Tariffs Take a Big Bite Out of GM’s Earnings
The legacy automaker’s net income was impacted by a $1.1 billion tariff charge, despite GM’s implementation of a few “mitigation” efforts, including manufacturing more vehicles in the U.S. Due to this charge, GM’s net income declined 35% year-over-year to $1.9 billion.
GM warned that the second half of the year will see a bigger tariff impact since it will include two quarters of tariff exposure. Meanwhile, the company confirmed that it is on track to reduce at least 30% of the expected cost increases from tariffs through various measures. These include manufacturing adjustments, targeted cost-saving measures, and consistent pricing.
GM Is Shifting Production to the U.S.
GM is shifting parts of its production to the U.S., with a $4 billion investment in its manufacturing plants over the next two years. The investment will ramp up production at GM’s facilities in Michigan, Kansas, and Tennessee. CEO Mary Barra stated that the investment will help the company “satisfy unmet customer demand, greatly reduce our tariff exposure, and capture upside opportunities as we launch new models.”
Barra also noted that GM is leading the industry in full-size trucks and SUVs, and growing its electric vehicle (EV) business, with Q2 EV sales up 111% year-over-year.

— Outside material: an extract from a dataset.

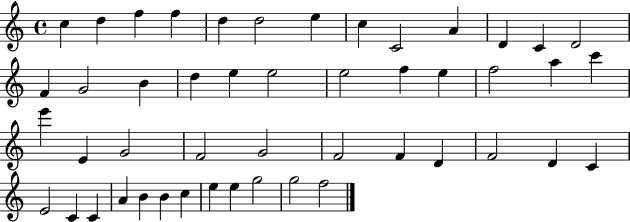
C5/q D5/q F5/q F5/q D5/q D5/h E5/q C5/q C4/h A4/q D4/q C4/q D4/h F4/q G4/h B4/q D5/q E5/q E5/h E5/h F5/q E5/q F5/h A5/q C6/q E6/q E4/q G4/h F4/h G4/h F4/h F4/q D4/q F4/h D4/q C4/q E4/h C4/q C4/q A4/q B4/q B4/q C5/q E5/q E5/q G5/h G5/h F5/h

Meanwhile, its performance in China was strong in Q2, supported by the launch of new energy vehicles.
Is GM Stock a Buy, Hold, or Sell?
On TipRanks, General Motors stock has a Moderate Buy consensus rating based on 13 Buys, six Holds, and two Sell ratings. Also, the average General Motors price target of $55.66 implies 4.6% upside potential from current levels. GM stock has gained 7.4% in the past year.
Please note that these ratings were issued before the Q2 print and are subject to change once analysts revise their recommendations.